Is part of topic Artist Biographies

James Nairn was born near Glasgow, in Scotland, in 1859. He studied at the Glasgow School of Art before enrolling as a student at the Académie Julian in Paris.

Nairn associated with the ‘Glasgow Boys’, a group of young Scottish painters who worked in a naturalist-realist style that was inspired by the work of French artist Jules Bastien-Lepage. Other important influences on the group were members of the Barbizon school, including Gustave Courbet.

During the 1880s Nairn exhibited at the Glasgow Institute of Fine Arts, the Royal Scottish Academy, and had a painting purchased by the Glasgow City Art Gallery.  He was an active member of the Glasgow Art Club, an informal group of painters who set up in opposition to the Royal Scottish Academy in Edinburgh, challenging their conservative values.

Ill health prompted Nairn’s decision to emigrate to New Zealand in 1890. After a period in Dunedin he settled in Wellington and in 1891 was appointed as an art instructor at the Wellington Technical School.  He proved to be an excellent and popular teacher.

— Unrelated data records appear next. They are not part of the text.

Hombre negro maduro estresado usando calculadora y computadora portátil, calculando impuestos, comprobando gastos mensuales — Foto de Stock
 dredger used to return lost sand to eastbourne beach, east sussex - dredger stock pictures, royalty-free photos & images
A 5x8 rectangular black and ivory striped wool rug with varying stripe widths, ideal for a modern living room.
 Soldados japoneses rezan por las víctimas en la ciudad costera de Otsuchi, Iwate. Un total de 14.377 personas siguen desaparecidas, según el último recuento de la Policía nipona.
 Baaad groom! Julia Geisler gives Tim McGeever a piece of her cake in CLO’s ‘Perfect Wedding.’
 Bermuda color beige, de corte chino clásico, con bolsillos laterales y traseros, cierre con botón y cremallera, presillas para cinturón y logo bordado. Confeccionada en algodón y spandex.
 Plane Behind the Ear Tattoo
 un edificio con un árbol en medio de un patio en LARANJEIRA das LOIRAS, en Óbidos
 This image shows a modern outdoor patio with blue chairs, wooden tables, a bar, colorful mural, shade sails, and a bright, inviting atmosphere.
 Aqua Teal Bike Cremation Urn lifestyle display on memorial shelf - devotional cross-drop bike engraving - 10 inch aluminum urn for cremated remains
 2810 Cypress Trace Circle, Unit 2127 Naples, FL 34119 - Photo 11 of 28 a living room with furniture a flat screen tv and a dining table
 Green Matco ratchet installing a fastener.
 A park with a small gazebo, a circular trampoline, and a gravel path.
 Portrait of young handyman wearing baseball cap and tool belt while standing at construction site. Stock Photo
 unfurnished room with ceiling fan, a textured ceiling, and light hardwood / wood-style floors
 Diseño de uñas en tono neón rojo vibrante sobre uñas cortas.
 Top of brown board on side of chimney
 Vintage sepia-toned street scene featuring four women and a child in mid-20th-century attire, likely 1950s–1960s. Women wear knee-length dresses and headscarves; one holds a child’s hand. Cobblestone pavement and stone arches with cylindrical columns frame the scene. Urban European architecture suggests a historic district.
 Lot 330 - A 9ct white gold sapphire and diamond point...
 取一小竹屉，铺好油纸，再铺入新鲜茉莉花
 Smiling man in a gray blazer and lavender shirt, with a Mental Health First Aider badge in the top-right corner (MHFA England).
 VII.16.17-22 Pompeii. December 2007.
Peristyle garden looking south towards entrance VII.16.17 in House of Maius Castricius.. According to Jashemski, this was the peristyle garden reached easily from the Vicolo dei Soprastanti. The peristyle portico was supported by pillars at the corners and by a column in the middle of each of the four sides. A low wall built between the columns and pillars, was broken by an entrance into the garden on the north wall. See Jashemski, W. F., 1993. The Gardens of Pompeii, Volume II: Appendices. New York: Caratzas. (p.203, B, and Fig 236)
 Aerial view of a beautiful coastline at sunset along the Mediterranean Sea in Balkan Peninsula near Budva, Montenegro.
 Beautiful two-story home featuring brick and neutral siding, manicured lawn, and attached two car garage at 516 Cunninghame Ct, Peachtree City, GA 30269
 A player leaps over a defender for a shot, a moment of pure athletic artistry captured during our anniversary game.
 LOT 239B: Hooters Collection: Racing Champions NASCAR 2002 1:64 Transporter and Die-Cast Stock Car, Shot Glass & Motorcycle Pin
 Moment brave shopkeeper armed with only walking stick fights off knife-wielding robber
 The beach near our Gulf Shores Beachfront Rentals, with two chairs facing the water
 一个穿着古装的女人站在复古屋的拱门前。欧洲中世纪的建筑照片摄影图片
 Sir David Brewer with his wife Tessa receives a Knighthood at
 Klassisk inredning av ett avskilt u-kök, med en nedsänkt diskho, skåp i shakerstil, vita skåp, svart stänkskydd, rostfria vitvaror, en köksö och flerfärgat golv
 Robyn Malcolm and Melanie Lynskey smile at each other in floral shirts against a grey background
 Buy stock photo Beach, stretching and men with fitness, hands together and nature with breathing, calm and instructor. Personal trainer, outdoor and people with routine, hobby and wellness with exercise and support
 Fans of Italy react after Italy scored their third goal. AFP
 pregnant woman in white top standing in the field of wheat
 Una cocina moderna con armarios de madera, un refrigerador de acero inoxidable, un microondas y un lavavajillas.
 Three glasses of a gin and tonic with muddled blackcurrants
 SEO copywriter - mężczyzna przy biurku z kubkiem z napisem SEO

Nairn painted a large number of impressions of Wellington Harbour, including views such as Evans Bay. These small landscapes show Nairn’s interest in the effects of light, and the influence of Impressionism on his work.
 

Nairn’s paintings began to influence other New Zealand artists. He was elected to the Council of the New Zealand Academy of Fine Arts, and for a time was its vice-president. However, because he believed artists had little say in the running of the Academy, Nairn and some followers formed the Wellington Art Club. They met regularly at Nairn’s ‘Pumpkin Cottage’ near Silverstream, north of Wellington, and the cottage became an informal headquarters for the city’s artists. 

Nairn painted extensively in the Hutt Valley area around his Pumpkin Cottage, especially in the last ten years of his life. Although better known as a landscape painter, Nairn painted a number of portraits, and introduced controversial nude life-drawing classes at the Wellington School of Design.  He worked in oils, watercolours, pastels and charcoal. 

Nairn was an enthusiast of the en plein air technique of painting. This meant he would paint and sketch  outside, in all sorts of weather, in an endeavour to faithfully capture the effects of light and weather. This practice ultimately led to his death in 1904 – after sketching near Motueka he caught a chill, and after a brief illness, died.